Spreading across islands and promontories between the Arabian Sea and the backwaters, KOCHI (long known as Cochin) is Kerala’s prime tourist destination. Its main sections – modern Ernakulam and the old peninsular districts of Mattancherry and Fort Cochin to the west – are linked by bridges and a complex system of ferries. Although some visitors opt to stay in the more convenient Ernakulam, the overwhelming majority base themselves in Fort Cochin, where the city’s complex history is reflected in an assortment of architectural styles. Spice markets, Chinese fishing nets, a synagogue, a Portuguese palace, India’s first European church and seventeenth-century Dutch homes can all be found within an easy walk.
While the majority of visitors use the city as a base for day-trips into the surrounding backwaters and satellite villages, there’s nothing to stop you doing the opposite, basing yourself in quiet backwater locations out of town – such as Vypeen Island to the north, or Kumbalanghi to the south – and travelling in to see the sights by bus, taxi or auto-rickshaw. There is some outstanding accommodation in Kumbalanghi village, in the form of homestays.

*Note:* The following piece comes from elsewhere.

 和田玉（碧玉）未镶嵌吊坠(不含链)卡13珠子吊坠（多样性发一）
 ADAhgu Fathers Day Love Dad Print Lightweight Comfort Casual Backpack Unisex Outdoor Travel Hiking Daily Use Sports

Kochi sprang into being in 1341, when a flood created a safe natural port that swiftly replaced Muziris (now Kodungallur, 50km north) as the chief harbour on the Malabar Coast. The royal family moved here in 1405, after which the city grew rapidly, attracting Christian, Arab and Jewish settlers from the Middle East. The history of European involvement from the early 1500s onwards is dominated by the aggression of the Portuguese, Dutch and British, who successively competed to control the port and its lucrative spice trade. From 1812 until Independence in 1947 it was administered by a succession of diwans, or finance ministers. In the 1920s, the British expanded the port to accommodate modern ocean-going ships, and Willingdon Island, between Ernakulam and Fort Cochin, was created by extensive dredging.Read More
Fort Cochin, the grid of old streets at the northwest tip of the peninsula, is where the Portuguese erected their first walled citadel, Fort Immanuel, which the Dutch East Indian Company later consolidated with a circle of well fortified ramparts. Only a few fragments of the former battlements remain (the outline of the old walls is traced by the district’s giant rain trees, some of which are more than two centuries old), but dozens of other evocative European-era monuments survive.

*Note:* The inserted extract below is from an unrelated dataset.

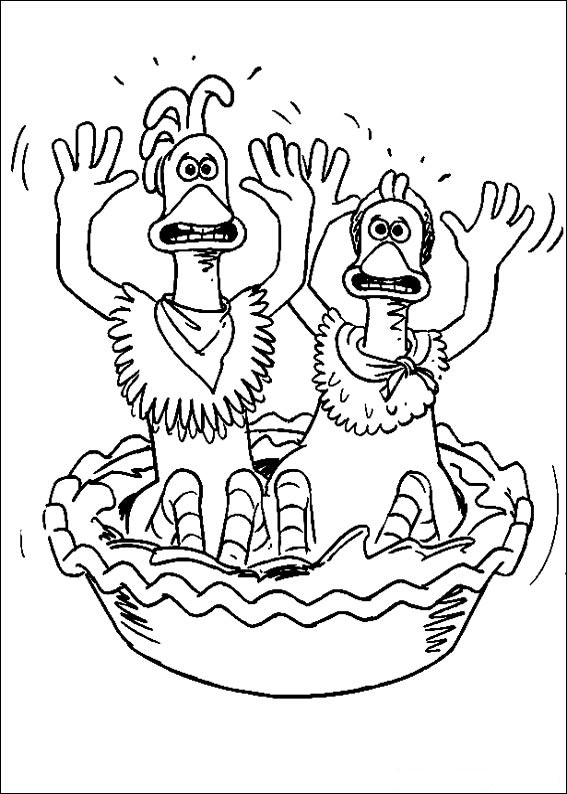 Plansa de colorat cu Chicken run 39 33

A good way to get to grips with Fort Cochin’s many-layered history is to pick up the free walking-tour maps produced by Kerala Tourism and the privately run Tourist Desk. They lead you around some of the district’s more significant landmarks, including the early eighteenth-century Dutch Cemetery, Vasco da Gama’s supposed house and several traders’ residences.

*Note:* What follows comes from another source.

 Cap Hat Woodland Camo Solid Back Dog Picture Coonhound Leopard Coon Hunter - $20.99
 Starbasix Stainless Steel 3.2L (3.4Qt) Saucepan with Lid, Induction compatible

Walking around the old quarter you’ll come across several small exhibition spaces and galleries – evidence of Fort Cochin’s newfound status as one of India’s contemporary art hubs. The scene takes centre stage in mid-December when the annual Kochi-Muziris Biennale (w kochimuzirisbiennale.org) draws artists and collectors from across the country with its mix of film, installation, sculpture, painting, performance art and new media hosted by half a dozen different venues.